_Short web captions_.
# # #
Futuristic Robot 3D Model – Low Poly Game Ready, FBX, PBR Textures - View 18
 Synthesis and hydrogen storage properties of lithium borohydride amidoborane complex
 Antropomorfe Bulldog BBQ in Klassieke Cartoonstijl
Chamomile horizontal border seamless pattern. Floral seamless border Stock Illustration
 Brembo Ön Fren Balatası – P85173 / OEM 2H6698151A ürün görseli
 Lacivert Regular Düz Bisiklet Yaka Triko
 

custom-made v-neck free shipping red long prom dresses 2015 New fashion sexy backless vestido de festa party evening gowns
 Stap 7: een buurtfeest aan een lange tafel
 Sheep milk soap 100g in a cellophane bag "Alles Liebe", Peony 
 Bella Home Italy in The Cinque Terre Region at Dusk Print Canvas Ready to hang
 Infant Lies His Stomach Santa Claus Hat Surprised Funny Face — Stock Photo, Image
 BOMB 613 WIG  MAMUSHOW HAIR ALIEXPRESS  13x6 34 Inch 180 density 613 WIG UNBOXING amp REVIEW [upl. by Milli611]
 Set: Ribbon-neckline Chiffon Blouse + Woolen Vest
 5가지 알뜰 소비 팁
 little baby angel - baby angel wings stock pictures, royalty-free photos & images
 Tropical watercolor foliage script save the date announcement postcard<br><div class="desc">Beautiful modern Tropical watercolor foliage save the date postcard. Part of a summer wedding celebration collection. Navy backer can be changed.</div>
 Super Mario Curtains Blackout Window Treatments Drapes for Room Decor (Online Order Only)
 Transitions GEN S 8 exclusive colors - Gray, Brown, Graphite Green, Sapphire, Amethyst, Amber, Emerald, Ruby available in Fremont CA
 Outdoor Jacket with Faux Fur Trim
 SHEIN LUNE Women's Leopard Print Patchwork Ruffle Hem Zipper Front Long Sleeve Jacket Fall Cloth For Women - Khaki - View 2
# # #
All records must be repeated exactly, with none skipped.

Futuristic Robot 3D Model – Low Poly Game Ready, FBX, PBR Textures - View 18
 Synthesis and hydrogen storage properties of lithium borohydride amidoborane complex
 Antropomorfe Bulldog BBQ in Klassieke Cartoonstijl
Chamomile horizontal border seamless pattern. Floral seamless border Stock Illustration
 Brembo Ön Fren Balatası – P85173 / OEM 2H6698151A ürün görseli
 Lacivert Regular Düz Bisiklet Yaka Triko
 

custom-made v-neck free shipping red long prom dresses 2015 New fashion sexy backless vestido de festa party evening gowns
 Stap 7: een buurtfeest aan een lange tafel
 Sheep milk soap 100g in a cellophane bag "Alles Liebe", Peony 
 Bella Home Italy in The Cinque Terre Region at Dusk Print Canvas Ready to hang
 Infant Lies His Stomach Santa Claus Hat Surprised Funny Face — Stock Photo, Image
 BOMB 613 WIG  MAMUSHOW HAIR ALIEXPRESS  13x6 34 Inch 180 density 613 WIG UNBOXING amp REVIEW [upl. by Milli611]
 Set: Ribbon-neckline Chiffon Blouse + Woolen Vest
 5가지 알뜰 소비 팁
 little baby angel - baby angel wings stock pictures, royalty-free photos & images
 Tropical watercolor foliage script save the date announcement postcard<br><div class="desc">Beautiful modern Tropical watercolor foliage save the date postcard. Part of a summer wedding celebration collection. Navy backer can be changed.</div>
 Super Mario Curtains Blackout Window Treatments Drapes for Room Decor (Online Order Only)
 Transitions GEN S 8 exclusive colors - Gray, Brown, Graphite Green, Sapphire, Amethyst, Amber, Emerald, Ruby available in Fremont CA
 Outdoor Jacket with Faux Fur Trim
 SHEIN LUNE Women's Leopard Print Patchwork Ruffle Hem Zipper Front Long Sleeve Jacket Fall Cloth For Women - Khaki - View 2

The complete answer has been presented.